From the owner’s perspective, they try to mitigate their risk by purchasing insurances and hiring a the right building contractor. Much of their risk is a consequence of not purchasing insurance and not hiring the right building contractor or the contractors risk exposing the owner to factors that were not contractually defined.   

While the building contractors’ general risk of residential contracting is commonly associated with those typical to the construction industry consisting of both systemic and non-systemic in nature.

Systemic perils are traditionally related to 3 of 4 types of residential contracting risk which we will discuss shortly. Non systemic risk are related perils that can not be predicted such as weather.

Types of Residential Contracting Risk

There is simply stated 4 types of general residential contracting risk. There are financial risk, contractual risk, operational risk and environmental risk that can result from internal or external sources.

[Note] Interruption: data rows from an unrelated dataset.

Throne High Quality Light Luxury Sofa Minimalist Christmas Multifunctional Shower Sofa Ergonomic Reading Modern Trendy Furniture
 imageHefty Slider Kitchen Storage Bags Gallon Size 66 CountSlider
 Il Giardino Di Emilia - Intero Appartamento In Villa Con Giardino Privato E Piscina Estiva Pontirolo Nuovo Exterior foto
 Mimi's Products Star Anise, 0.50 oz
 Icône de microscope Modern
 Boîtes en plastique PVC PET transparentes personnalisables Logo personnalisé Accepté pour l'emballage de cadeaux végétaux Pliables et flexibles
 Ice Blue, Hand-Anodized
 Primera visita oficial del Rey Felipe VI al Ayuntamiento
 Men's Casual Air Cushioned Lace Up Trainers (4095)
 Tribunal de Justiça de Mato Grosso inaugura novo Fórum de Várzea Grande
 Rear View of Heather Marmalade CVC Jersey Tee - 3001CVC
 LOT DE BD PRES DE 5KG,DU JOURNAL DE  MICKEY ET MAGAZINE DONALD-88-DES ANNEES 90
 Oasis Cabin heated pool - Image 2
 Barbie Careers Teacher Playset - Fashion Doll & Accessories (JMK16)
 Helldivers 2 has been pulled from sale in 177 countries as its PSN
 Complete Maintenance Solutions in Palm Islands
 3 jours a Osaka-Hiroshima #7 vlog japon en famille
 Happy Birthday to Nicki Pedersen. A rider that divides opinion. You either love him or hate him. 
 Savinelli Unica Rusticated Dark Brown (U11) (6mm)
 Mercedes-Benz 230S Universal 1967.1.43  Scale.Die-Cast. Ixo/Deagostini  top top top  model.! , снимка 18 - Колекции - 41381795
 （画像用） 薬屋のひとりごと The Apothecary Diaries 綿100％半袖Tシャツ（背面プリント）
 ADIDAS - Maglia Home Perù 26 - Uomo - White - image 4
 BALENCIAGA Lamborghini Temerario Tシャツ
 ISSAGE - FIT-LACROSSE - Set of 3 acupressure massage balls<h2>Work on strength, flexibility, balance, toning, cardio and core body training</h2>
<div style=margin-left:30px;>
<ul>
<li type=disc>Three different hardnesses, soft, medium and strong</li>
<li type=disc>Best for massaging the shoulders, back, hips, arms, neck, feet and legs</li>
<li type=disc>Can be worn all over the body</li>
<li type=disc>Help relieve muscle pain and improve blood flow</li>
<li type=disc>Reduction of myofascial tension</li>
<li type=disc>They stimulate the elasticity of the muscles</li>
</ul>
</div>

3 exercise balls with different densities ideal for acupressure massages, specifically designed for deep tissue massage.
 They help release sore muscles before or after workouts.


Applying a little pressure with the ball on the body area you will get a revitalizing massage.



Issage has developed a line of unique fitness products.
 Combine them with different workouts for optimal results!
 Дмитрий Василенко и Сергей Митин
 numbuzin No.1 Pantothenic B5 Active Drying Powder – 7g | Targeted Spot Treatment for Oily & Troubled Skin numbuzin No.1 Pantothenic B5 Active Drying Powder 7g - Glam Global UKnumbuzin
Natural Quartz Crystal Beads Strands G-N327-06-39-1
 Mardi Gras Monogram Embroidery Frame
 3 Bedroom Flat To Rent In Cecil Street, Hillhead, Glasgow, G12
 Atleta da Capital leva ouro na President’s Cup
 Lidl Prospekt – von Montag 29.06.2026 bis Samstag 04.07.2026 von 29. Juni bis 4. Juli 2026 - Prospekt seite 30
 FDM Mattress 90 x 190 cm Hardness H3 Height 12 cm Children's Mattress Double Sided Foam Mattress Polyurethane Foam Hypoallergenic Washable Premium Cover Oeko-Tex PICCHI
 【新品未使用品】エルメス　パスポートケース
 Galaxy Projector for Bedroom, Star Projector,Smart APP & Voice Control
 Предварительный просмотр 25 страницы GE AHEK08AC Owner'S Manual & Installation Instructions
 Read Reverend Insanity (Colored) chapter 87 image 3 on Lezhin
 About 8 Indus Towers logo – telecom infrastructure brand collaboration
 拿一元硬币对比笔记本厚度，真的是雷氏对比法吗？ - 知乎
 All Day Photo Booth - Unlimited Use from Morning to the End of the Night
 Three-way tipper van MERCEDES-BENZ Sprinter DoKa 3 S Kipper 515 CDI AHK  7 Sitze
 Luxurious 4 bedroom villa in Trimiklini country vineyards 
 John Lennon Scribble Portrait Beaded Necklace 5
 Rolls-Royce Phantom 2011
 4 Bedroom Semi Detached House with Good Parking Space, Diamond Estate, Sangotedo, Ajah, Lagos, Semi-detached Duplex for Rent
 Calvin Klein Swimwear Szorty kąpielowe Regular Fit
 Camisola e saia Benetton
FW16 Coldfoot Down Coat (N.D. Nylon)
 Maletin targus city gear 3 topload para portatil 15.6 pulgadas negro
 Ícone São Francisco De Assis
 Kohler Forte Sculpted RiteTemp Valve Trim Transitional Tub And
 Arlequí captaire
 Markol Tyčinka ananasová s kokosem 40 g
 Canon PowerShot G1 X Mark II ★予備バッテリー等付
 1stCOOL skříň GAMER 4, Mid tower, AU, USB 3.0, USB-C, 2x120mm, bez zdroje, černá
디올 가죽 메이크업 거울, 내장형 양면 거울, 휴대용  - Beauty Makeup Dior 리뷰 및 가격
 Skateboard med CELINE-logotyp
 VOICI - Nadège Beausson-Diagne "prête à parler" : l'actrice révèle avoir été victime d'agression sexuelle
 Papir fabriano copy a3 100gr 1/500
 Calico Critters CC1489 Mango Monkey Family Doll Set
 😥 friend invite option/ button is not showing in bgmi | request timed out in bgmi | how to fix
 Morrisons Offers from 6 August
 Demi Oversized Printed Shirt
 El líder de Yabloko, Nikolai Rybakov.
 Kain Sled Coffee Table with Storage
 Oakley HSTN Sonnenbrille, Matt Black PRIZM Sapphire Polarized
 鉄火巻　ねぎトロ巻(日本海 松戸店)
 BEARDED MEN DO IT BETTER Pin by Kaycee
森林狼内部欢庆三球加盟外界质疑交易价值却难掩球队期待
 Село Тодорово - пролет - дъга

Financial risk; Is the risk associated with financial consequences of an adverse action. For instance, the cost associated with such items as change orders, interest expense from project delays and cost overruns of fixed cost contract amounts.

Contractual risk; Is generally associated with contract agreement matter such as breaches and contract clause performance requirements.

Operational risk; are typically related to the operation activities of construction such as theft, errors & omissions, physical personal injury and poor workmanship.

Environmental risk; represents the risk associated with weather, property damage resulting from external sources and foreign elements like radon gas.

Residential Contracting Risk

Does Residential Contracting Perils Have a Cost?

We commonly hear from homeowners that they want the most competitive price for their proposed home construction project. You may have said this yourself at one time or another.

When a building contractor hears this, it typically translates to, we want the cheapest price.

If the total project cost is the determining factor for your home construction project, then to reach your construction budget goal requires a long and hard look at the systemic exposure you may not be aware you are accepting with the cheapest bid.

The common systemic risk associated with any new construction and remodeling projects are:

  • Additional Cost
  • Workman Safety
  • Quality
  • Consequential

In order to properly assess unforeseen peril exposure, we must understand more about the type of work that is required and recognize the owner’s tolerance for risk acceptance.

There are systemic exposures that the homeowner may understand and accept, while there are other such exposures that they have not considered or do not know exist.

We will have a discussion about the factors that increase the probability of owner’s residential contracting risk and what you can do to mitigate the exposure.

Defining the Project Scope of Work

Developing a clear scope of work is essential when attempting to mitigate the owners risk.

Developing bid specifications and supporting documents for a house construction project is required to compare apples to apples.

It starts with understanding what actual work is required to be done and secondly recognizing the difficulty in the required skill to achieve the desired result.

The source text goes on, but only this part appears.